Your Complete Guide to Military Twill

If you’re experimenting with new fabrics in your wardrobe for the very first time, then a phrase like “military twill” can sound, well, a little intimidating. On the surface level, “military twill” sounds like the fabrics used in woolen army blankets—more “survival gear” than fashionable clothing.

But military twill, while useful, is hardly the scratchy woolen fabric you’re imagining. In fact, it’s not a fabric at all, but a weaving pattern—often made with cotton. Denim can often be found in a twill weave, as can chino—two of the most common clothes that people wear. And if you want to incorporate more twill in your wardrobe to project a sharp and sophisticated vibe, it will help to know a little more about this essential weaving pattern:

Defining and Identifying Twill

First, browse around our Military Twill clothing options. Click an item like the Military Twill Classic Fit British Tan trousers and zoom in on the picture to get an idea of what you’ll expect to see with military twill. You’ll notice a thick, comfortable-looking fabric that doesn’t look too “dressy”—but also doesn’t look too “casual.” It’s a great versatile weaving pattern that can function in any number of social situations, which makes military twill perfect for anyone who wants to invest in a new pair of pants that they can use both at the office and on a day off.

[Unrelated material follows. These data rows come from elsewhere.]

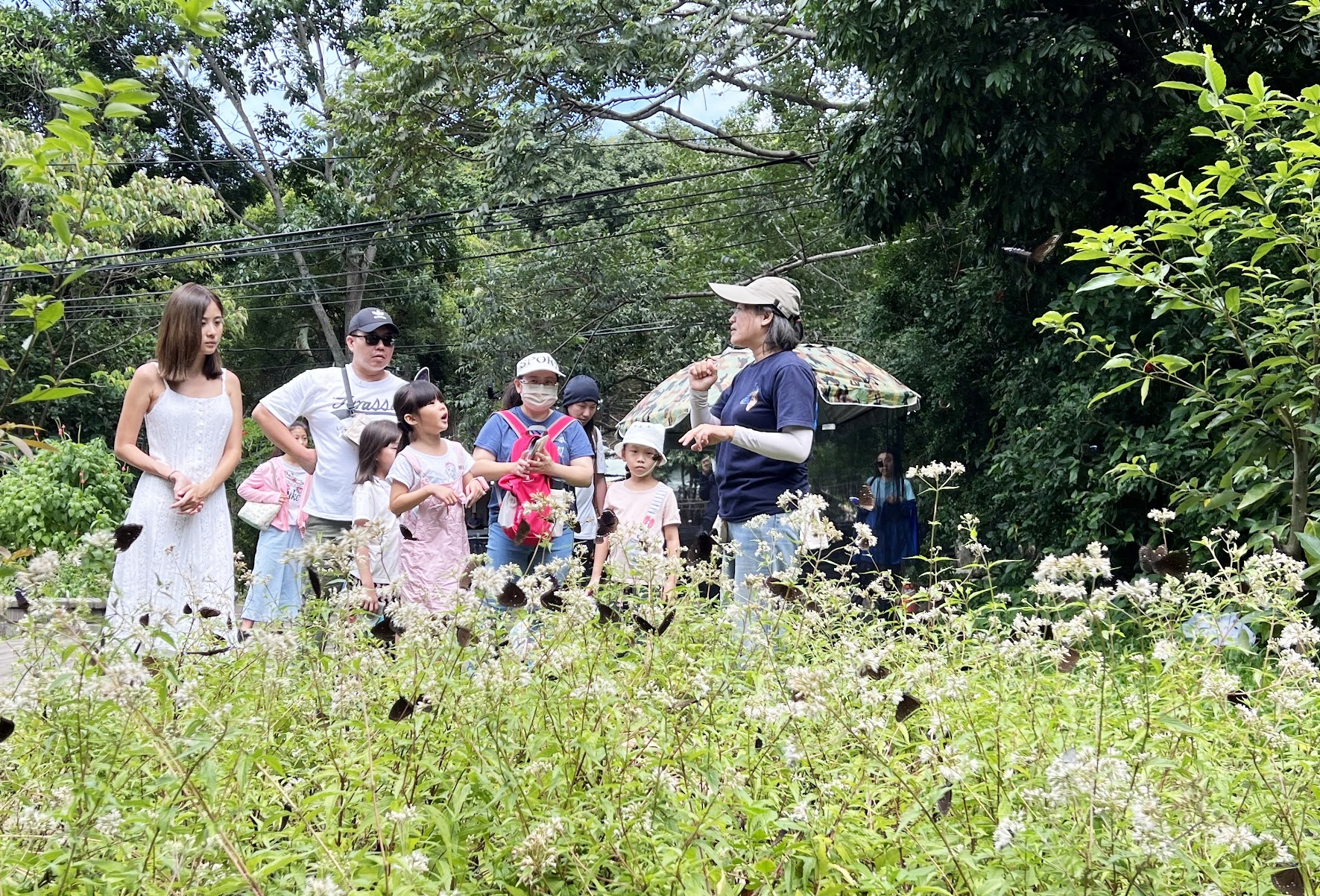 夏季賞蝶活動中,可見到園區內多元的蝴蝶等生態。圖片來源:台中市政府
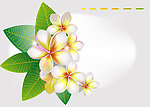 绿叶鲜花花卡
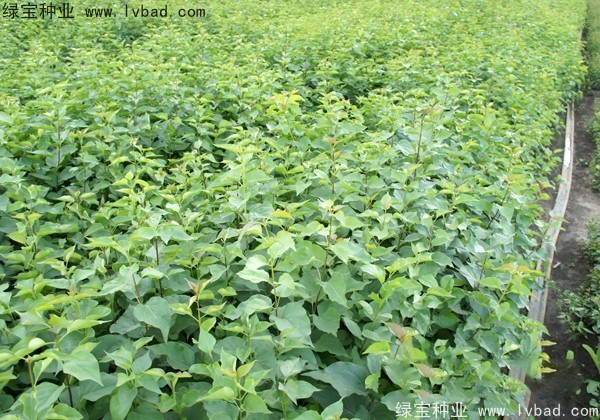 <a href='http://www.hn123.net.cn/linmuzhongzi/1737.html' target='_blank'>暴馬丁香</a><a href='http://www.hn123.net.cn/' target='_blank'>種子</a>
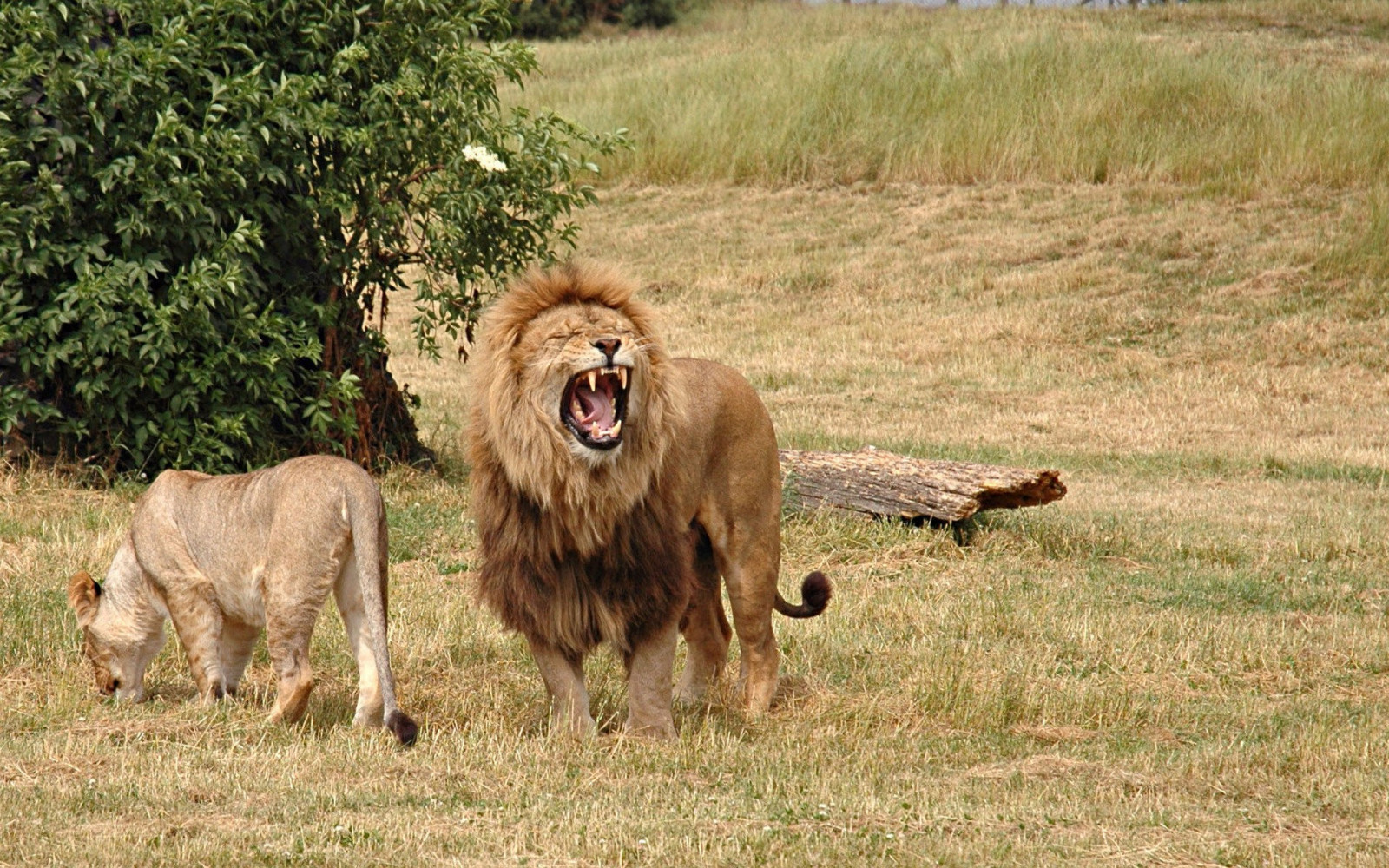 สัตว์, ธรรมชาติ, สิงโต, หมา, สัตว์ป่า, แมวใหญ่, ทุ่งหญ้า, Safari, ฝูงสัตว์, สัตว์ป่า, สัตว์เลี้ยงลูกด้วยนม, 1920x1200 px, สัตว์มีกระดูกสันหลัง, สะวันนา, สุนัขชอบเลี้ยงลูกด้วยนม, กลุ่มสายพันธุ์สุนัข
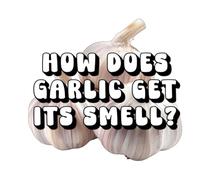 How Does Garlic Get Its Smell?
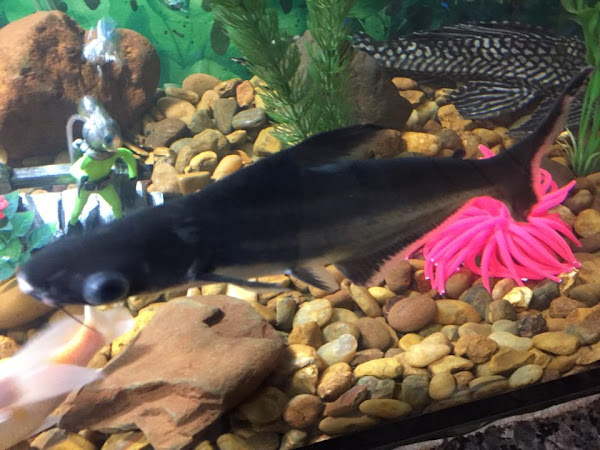 Foto 2 RANCHO VERDE RAÇÕES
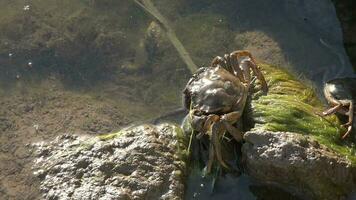 Crab in Muddy Turbid Water video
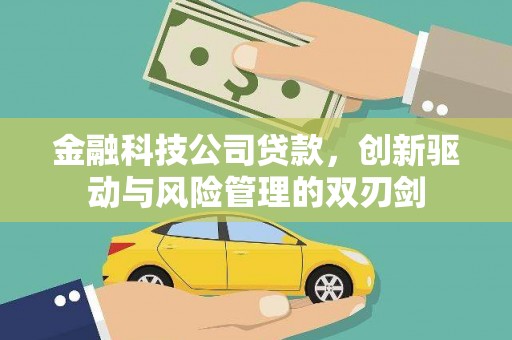 勐海金融科技公司贷款，创新驱动与风险管理的双刃剑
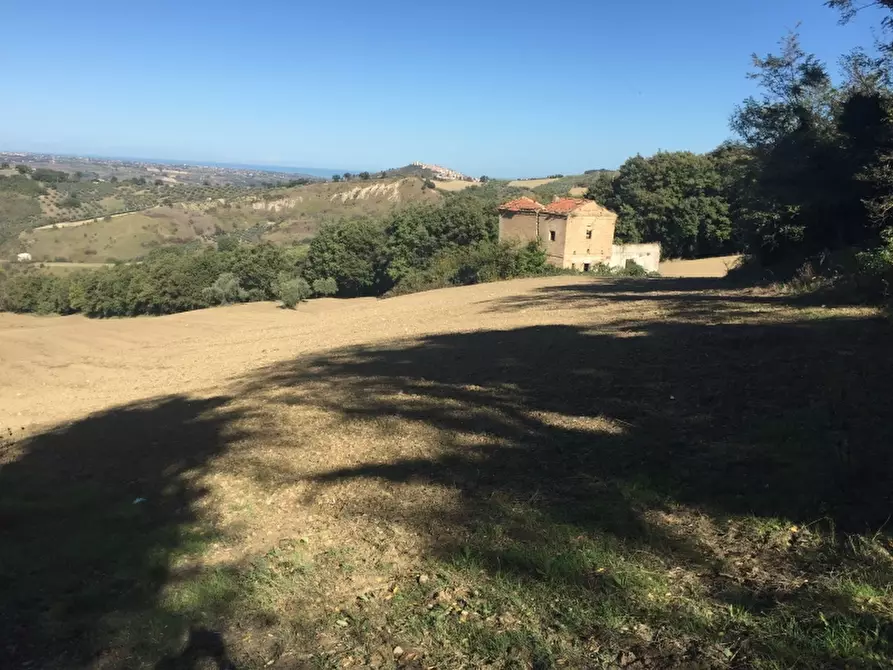 Immagine 1 di Terreno agricolo in vendita  a Cupello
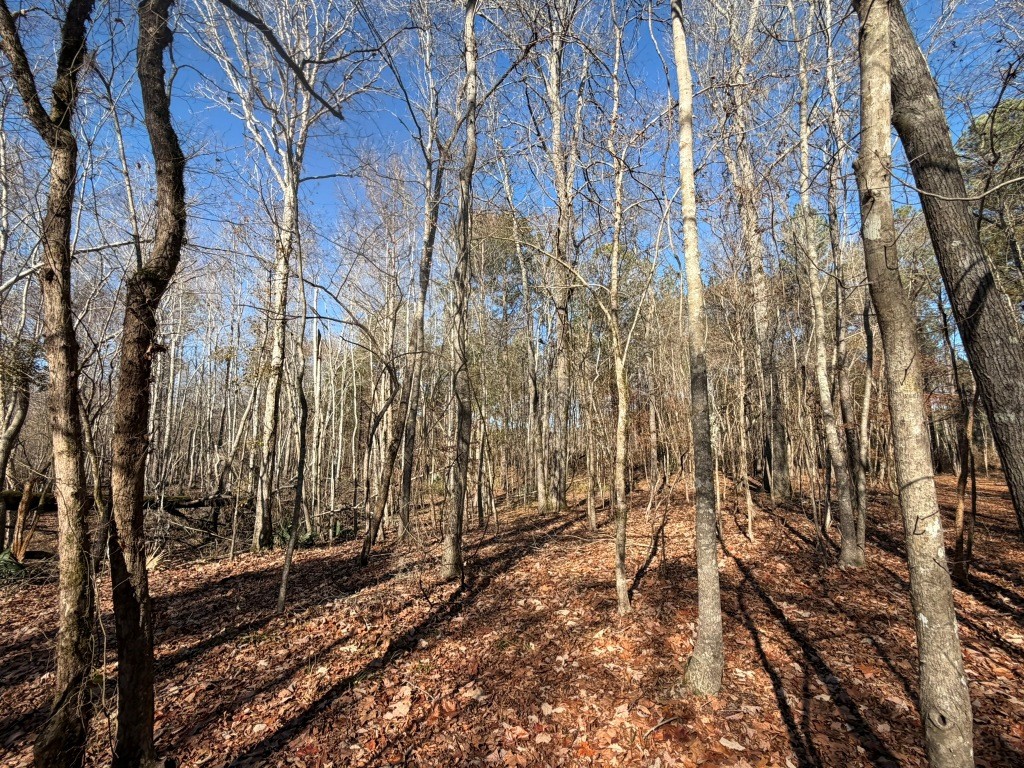 The Kitchings Place Photo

You can sift through countless visual examples of twill to get an idea of what you’re looking at; anytime you notice a diagonal pattern in a weave, there’s a chance you’re looking at twill. And because of the unique weaving pattern, twill is actually different on one side than the other, giving it a distinct difference between “front” and “back.” Knowing this difference is crucial if you ever plan on identifying twill from other types of fabric weaves.

What is Twill Good For?

Twill has a number of advantages when used as a fabric in clothing:

  • Durability: Twill is very strong, especially on the outside or “front” face, which helps prevent holes from building up or excessive wear and tear, even if you use your military twill pants on a regular basis. This is one reason twill is used so often for military purposes: when durability counts, so does the weaving of the fabric you’re wearing.
  • Sturdiness: Think of twill as a “blue-collar” fabric. It’s great for work clothes— like jeans, which means it can withstand a higher degree of punishment than other fabrics. “Military twill” follows the same pattern: strength on top of durability.
  • Versatility: Twill can be used in a number of ways to create different fabric effects. Denim, chino, herringbone, and a number of other fabric types are made from twill patterns.

Knowing about military twill—and twill in general—should boost your confidence. Twill is in all sorts of fabrics, including many of the clothes you own. Investing in a durable pair of military twill pants isn’t just a way to look good; it’s way to look good and ensure that you’ll have a strong pair of trousers you can wear for a long time.